Why do you do strip club outreach?” is a question that we get a lot at Disrupting Traffick, and there are a few important reasons why this outreach is critical to the work that we do. But first let’s back up a little. 

To understand our outreach, it’s first important to dispel some commonly held misconceptions about strip clubs in general. One major misconception is that all dancers are trafficking victims. This is not always the case, and trafficking changes with the market. Another misconception is that clubs are responsible for trafficking. In Nebraska, that’s not what we typically see.
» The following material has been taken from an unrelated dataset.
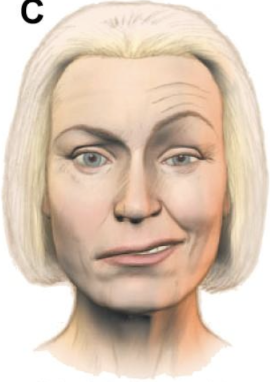 <p>La siguiente imágen corresponde a:</p>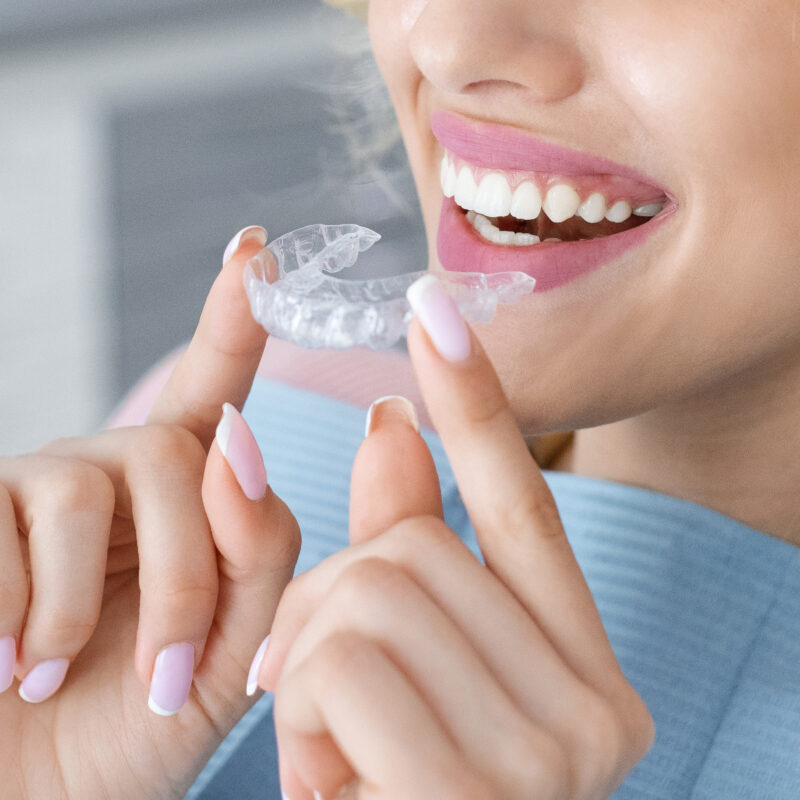 5 Tips for Keeping Your Teeth Clean During Clear Aligner Treatment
However, we do see traffickers attempting to recruit human trafficking victims out of clubs, which often goes undetected. 

The fact that we aren’t seeing a lot of trafficking in clubs here in Nebraska is very area-specific – even when you get to Kansas City and Minneapolis it looks much different.

But even if dancers aren’t currently being trafficked, many have a history of trafficking and sexual abuse. The more you understand about how sexual abuse plays into the sex industry as a whole, the more you understand why individuals who work in the adult entertainment are at higher risk for exploitation, and the cross-over ease is much higher. 

Approximately one in four American women are raped before the age of 16. Between 66% and 90% of women in the sex industry were sexually abused as children. That abuse is typically perpetrated by people they know well. Research show that women working in the sex industry experience PTSD at rates equivalent to veterans of combat.

What we’re doing when we go into strip clubs is we are forming a connection with the dancers. We are building relationships and providing a safe space, a true community, to prevent sexual exploitation.

If you think about it, strip clubs are often the front line, where traffickers surreptitiously try to groom and recruit. We are a preventative resource that dancers can trust if they or someone they know is being groomed by pumps. By building relationships, we foster trust, community, and frontline prevention.

If you’re interested in a deeper understanding of this aspect of our work, we have a “Why Strip Club Outreach” webinar that explores this question further.

And I want to thank you – all of you – for asking these questions, for caring, and wanting to learn. One thing I can tell you, it’s that kind of compassion and openness that fosters connection. And connection is what fosters change.